A Somali soldier patrols a town captured from al Shabab. The Islamist militant group is trying to disrupt Somalia’s political transition in 2016.
Every week, The WorldPost asks an expert to shed light on a topic driving headlines around the world. This week, we speak with analyst Cedric Barnes about the international fight against the Somali Islamist militant group al Shabab.
After a quarter-century of anarchy and war, Somalia is inching forward with a political process meant to set the African nation on the path to stability.
Somali President Hassan Sheikh Mohamud pledged to hold elections, finalize the constitution and determine the number and location of Somalia’s federal states by 2016. Fierce political wrangling has accompanied each of these processes, and the election is now set to be decided by clan elders and regional representatives rather than by a popular vote.
Yet it is a significant moment for the country, 25 years after feuding warlords exploited a power vacuum left by the fall of military dictator Siad Barre.
Still, one group that emerged from the chaos, the al Qaeda-affiliated al Shabab, is determined to disrupt Somalia’s political transition.
While the African Union force in Somalia, AMISOM, has been pushing al Shabab from its significant territorial strongholds since 2011, the militant group has redoubled attacks in recent months, terrorizing the capital with suicide bombings, ambushing AMISOM bases and recapturing cities in southern Somalia.
At the same time, U.S. forces have intensified the military campaign against the group in Somalia, killing a regional intelligence head of al Shababin a strike last week. Last month, the U.S. targeted the group in a deadly commando raid and bombed a training camp which the Pentagon said left 150 fighters dead.
The WorldPost spoke to Cedric Barnes, the Horn of Africa project director for International Crisis Group, about the U.S. campaign against al Shabab and the critical months ahead for Somalia.
TOBIN JONES/AFP/Getty Images A father and his two sons watch a security operation in Mogadishu in 2013. Somalia will hold elections, but not by popular vote, later this year.
What’s behind the latest U.S. strikes on al Shabab?
I imagine it was a combination of reasons — partly operational, if perhaps opportunities arose based on intelligence on plans or threats, and partly due to the need to do something to stop al Shabab’s recent run of successes that was rather undermining AMISOM’s role and the whole project for stabilizing Somalia, which the international community has invested so much in.
After AMISOM pushed al Shabab out of the large parts of Somalia it controlled after 2011, there was no real stabilization plan, and that left a vacuum of sorts. Al Shabab, which was already quite a resilient organization, had time to recover. There have been a series of attacks on AMISOM bases in the last 12 months, and each one has increased in terms of ambition, the bounty they captured and the damage done against AMISOM’s reputation.
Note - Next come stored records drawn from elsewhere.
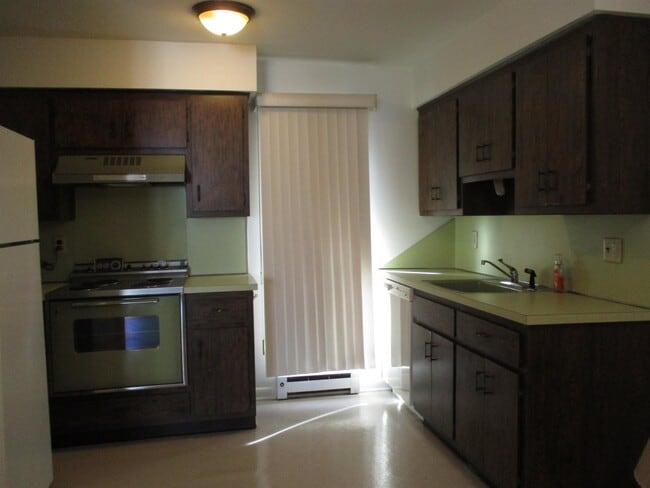 Building Photo - 88 Feronia Wy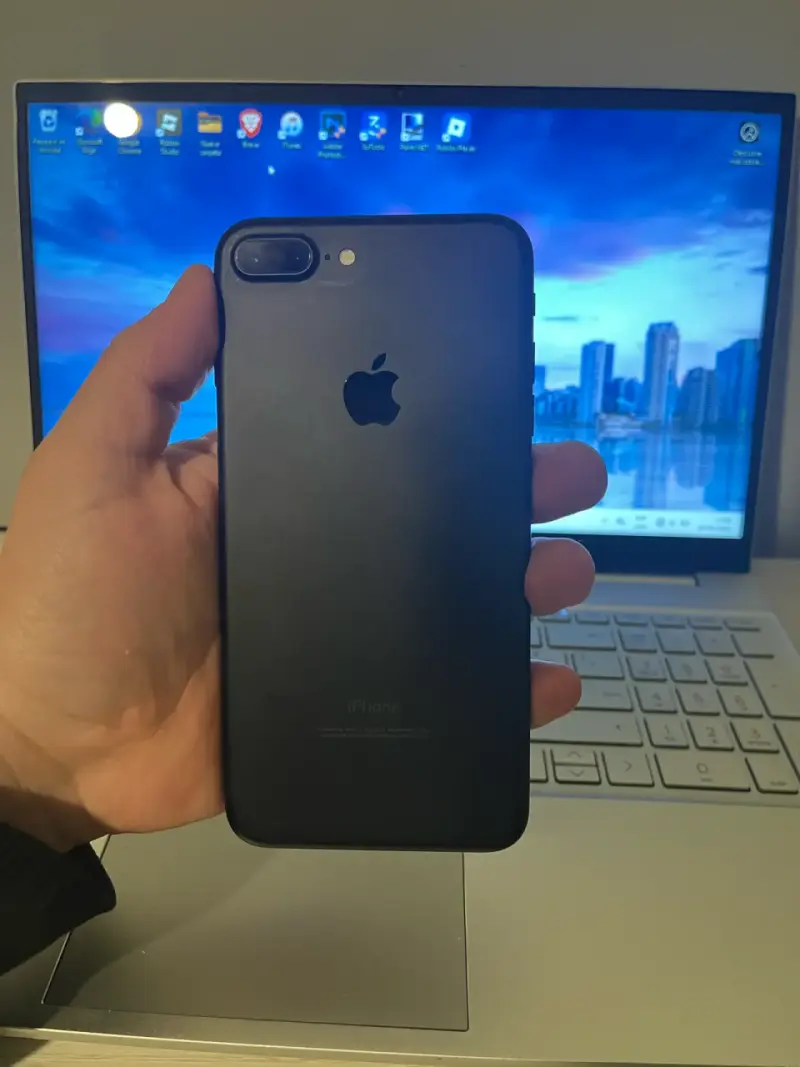 iPhone 7 32GB - 1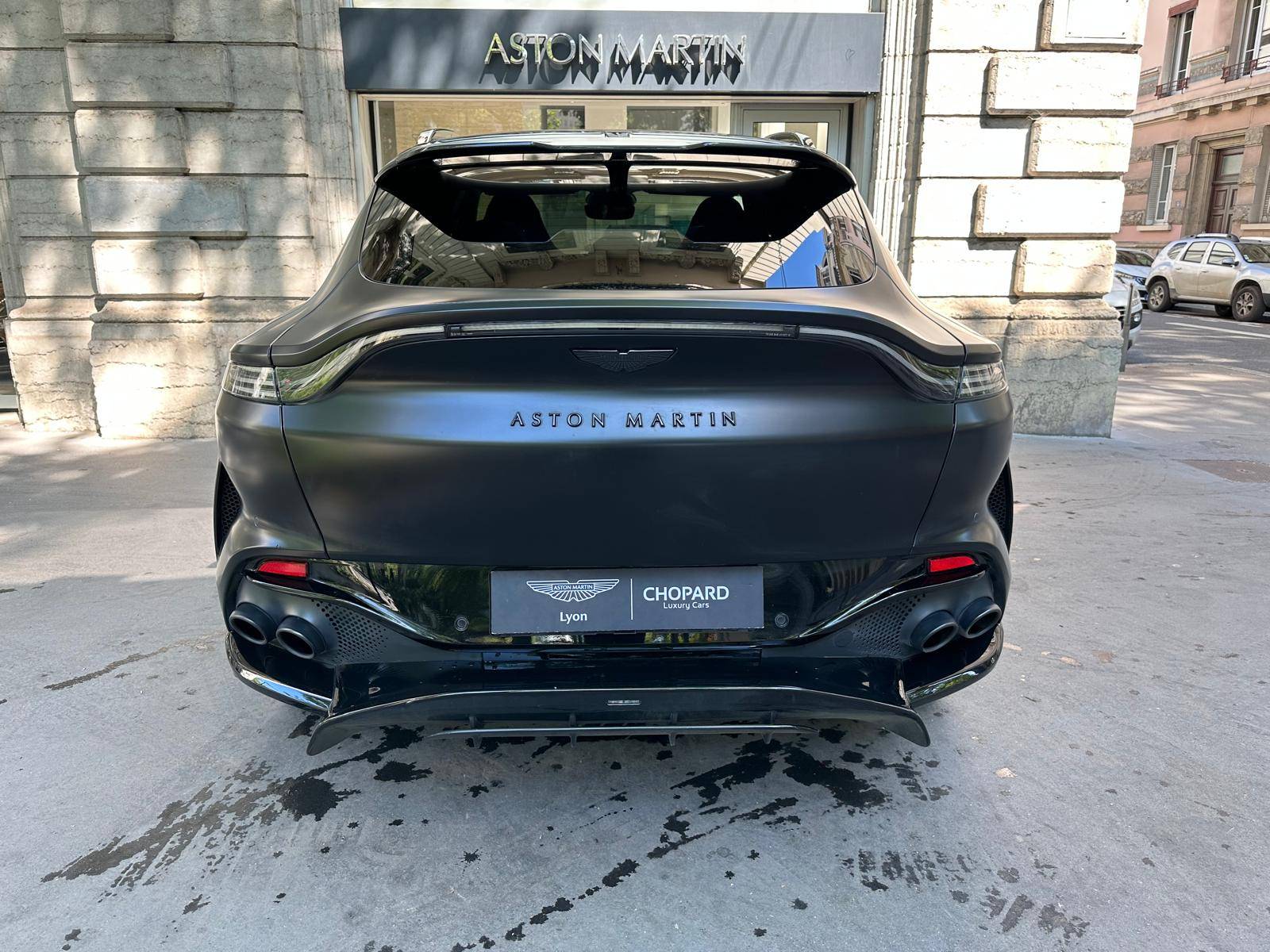 DBX707 DBX707 4.0 Biturbo V8 &mdash; 8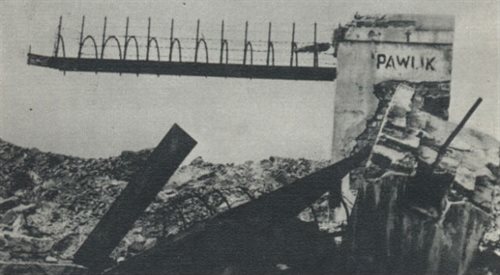 Ruiny więzienia Pawiak wysadzonego przez Niemców w sierpniu 1944. Na zdjęciu brama wjazdowa, źr. Władysław Bartoszewski, Warszawski pierścień śmierci 1939-1944 Warszawa 1970, Wikipediadp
As well as these more conventional insurgent attacks, al Shabab has also engaged in a constant war of attrition, especially in urban areas, which shows that al Shabab is still present and can penetrate right to the heart of areas seen as secure, such as Somali government offices.
Somali and international officials may have declared that al Shabab had been defeated, a claim repeated by journalists, but that appears very much hollow and premature.